Additionally, the Taxpayer had claimed increased export allowance under the Income Tax (Allowance for Increased Export) Rules 1999 (“the Rules”).
Upon a tax audit, the Inland Revenue Board (“IRB”) disallowed the allowance claimed under the rules, the industrial building allowance on the Factory and imposed penalty.
When the matter was heard before the Special Commissioners of income Tax (“SCIT”), the SCIT’s decision was as follows:
- The Taxpayer was not allowed to claim the increased export allowance allowance under the Rules;
- The Taxpayer was allowed to claim the industrial building allowance for the Factory: and
- The penalty was correctly imposed.
Both the Taxpayer and IRB appealed to the High Court.
At the High Court, the learned Judicial Commissioner’s decision was as follows:
- The Taxpayer was allowed to claim the increased export allowance under the Rules;
- The Taxpayer was allowed to claim the industrial building allowance for the Factory; and
- The penalty should not be imposed.
The IRB appealed to the Court of Appeal whereby the following questions of law were posed:
(i) whether the decision of the Judicial Commissioner of the High Court in deciding that the respondent is entitled to claim the increased export allowance under the Rules was correct in law and facts;
(ii) whether the Judicial Commissioner was correct in law and facts in deciding that the Factory is an industrial building as defined under paragraph 63 Schedule 3 of the ITA 1967; and
(iii) whether the Judicial Commissioner was correct in law and facts in deciding that the Revenue has no legal or factual basis to impose the penalty under section 113(2) of the ITA 1967.

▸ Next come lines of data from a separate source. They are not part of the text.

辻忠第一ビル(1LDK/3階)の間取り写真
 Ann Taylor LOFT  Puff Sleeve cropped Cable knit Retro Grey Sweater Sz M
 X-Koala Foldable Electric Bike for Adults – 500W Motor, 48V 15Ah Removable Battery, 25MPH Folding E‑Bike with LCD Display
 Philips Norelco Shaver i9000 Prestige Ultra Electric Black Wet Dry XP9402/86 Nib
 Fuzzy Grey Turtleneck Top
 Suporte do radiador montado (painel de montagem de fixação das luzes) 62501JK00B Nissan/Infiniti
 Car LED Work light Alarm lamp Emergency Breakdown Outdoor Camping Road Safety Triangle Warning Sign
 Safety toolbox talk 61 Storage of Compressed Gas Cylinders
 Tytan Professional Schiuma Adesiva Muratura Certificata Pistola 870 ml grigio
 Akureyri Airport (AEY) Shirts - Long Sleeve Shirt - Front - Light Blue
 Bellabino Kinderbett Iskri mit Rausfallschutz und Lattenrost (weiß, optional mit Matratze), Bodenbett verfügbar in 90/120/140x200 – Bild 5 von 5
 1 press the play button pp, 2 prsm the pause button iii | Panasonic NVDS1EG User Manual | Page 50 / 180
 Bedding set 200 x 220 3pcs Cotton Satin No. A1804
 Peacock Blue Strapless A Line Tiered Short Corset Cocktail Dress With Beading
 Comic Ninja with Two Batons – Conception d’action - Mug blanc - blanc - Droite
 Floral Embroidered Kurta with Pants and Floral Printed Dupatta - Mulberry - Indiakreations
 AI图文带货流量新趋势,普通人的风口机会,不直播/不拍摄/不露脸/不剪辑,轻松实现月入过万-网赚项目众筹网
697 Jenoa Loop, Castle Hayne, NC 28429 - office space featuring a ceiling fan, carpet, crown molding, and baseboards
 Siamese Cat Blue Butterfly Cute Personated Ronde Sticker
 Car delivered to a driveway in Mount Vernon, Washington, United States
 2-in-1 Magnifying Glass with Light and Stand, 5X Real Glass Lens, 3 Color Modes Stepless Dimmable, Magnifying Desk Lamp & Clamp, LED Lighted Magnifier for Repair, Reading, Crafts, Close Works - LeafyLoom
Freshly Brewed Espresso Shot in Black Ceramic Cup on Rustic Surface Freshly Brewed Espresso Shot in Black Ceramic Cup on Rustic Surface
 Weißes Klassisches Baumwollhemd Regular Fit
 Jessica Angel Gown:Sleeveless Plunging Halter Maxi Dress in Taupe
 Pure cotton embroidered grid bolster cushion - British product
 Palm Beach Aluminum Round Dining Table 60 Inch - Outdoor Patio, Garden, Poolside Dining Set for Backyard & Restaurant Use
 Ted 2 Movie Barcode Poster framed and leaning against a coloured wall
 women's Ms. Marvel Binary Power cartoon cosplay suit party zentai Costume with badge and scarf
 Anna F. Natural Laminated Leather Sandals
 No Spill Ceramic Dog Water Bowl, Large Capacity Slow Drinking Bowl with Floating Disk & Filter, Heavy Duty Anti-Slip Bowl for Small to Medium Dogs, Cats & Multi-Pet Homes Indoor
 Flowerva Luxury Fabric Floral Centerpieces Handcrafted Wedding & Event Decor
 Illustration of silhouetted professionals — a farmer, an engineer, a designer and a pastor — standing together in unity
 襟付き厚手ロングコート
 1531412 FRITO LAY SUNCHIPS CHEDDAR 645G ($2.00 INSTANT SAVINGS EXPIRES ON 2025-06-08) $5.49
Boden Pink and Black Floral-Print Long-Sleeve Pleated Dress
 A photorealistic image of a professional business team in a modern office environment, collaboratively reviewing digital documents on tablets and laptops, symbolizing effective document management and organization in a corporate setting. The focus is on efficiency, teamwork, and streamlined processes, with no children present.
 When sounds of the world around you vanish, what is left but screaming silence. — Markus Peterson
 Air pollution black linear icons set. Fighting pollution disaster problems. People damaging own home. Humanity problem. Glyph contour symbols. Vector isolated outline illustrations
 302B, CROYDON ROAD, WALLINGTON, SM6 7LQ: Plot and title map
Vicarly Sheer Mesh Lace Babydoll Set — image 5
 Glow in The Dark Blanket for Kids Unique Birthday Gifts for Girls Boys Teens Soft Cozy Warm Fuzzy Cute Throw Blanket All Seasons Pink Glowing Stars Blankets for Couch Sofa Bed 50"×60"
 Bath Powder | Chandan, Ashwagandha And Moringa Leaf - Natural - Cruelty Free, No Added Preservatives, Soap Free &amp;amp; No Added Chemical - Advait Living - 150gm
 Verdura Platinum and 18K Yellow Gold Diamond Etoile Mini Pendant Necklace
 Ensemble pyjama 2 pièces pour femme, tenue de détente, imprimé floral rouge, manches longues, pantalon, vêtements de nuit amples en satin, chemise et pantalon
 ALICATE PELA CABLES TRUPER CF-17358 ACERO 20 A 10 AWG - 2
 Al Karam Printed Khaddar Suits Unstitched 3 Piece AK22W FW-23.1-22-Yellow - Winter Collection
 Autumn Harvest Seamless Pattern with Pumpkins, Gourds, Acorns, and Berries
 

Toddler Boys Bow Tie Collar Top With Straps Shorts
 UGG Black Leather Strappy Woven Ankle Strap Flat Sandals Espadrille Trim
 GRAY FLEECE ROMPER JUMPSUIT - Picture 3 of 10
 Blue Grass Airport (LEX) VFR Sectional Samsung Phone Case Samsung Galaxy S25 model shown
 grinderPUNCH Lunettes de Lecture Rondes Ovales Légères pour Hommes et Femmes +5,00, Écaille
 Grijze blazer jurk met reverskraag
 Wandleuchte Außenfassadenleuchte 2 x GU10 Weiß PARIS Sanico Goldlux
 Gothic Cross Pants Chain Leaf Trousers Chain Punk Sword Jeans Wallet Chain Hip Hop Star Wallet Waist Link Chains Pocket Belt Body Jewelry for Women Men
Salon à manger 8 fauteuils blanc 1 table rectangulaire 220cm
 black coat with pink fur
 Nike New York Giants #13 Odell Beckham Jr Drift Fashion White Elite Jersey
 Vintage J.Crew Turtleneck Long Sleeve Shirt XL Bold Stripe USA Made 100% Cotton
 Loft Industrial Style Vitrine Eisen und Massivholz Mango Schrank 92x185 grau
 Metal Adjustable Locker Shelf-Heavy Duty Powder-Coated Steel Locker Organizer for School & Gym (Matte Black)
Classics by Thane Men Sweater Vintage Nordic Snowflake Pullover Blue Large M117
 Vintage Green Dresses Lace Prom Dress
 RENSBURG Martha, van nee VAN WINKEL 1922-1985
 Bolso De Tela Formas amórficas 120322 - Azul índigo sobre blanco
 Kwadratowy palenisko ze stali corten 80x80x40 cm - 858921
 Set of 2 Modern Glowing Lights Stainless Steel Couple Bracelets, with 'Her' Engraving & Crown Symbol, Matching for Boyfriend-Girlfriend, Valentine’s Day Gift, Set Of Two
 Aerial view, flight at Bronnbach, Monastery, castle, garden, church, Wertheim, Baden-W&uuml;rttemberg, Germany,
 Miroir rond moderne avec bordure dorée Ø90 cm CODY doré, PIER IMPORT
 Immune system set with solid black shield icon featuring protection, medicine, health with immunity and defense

- Whether the Taxpayer should be entitled to claim increase export allowance under the Rules
The relevant provisions of the 1999 Rules provide as follow:
“Rule 2:
For the purposes of these Rules- “agricultural produce” means fresh and dried fruits, fresh and dried flowers, ornamental plants, and ornamental fish;
Rule 3:
Allowance for increased exports Subject to rules 4 and 5, where a manufacturing company or a company engaged in agriculture, resident in Malaysia, exports manufactured products or agricultural produce in the basis period for a year of assessment, there shall be given to the company an allowance to be determined in the manner as prescribed in rule 4.
Provided that an exemption on exports of manufactured products is only given to manufacturer.
Rule 4:
Determination of allowance
The allowance mentioned in rule 3 refers to-
(a) …
(b) …
(c) 10 percent of the value of increased exports of agricultural produce by the company”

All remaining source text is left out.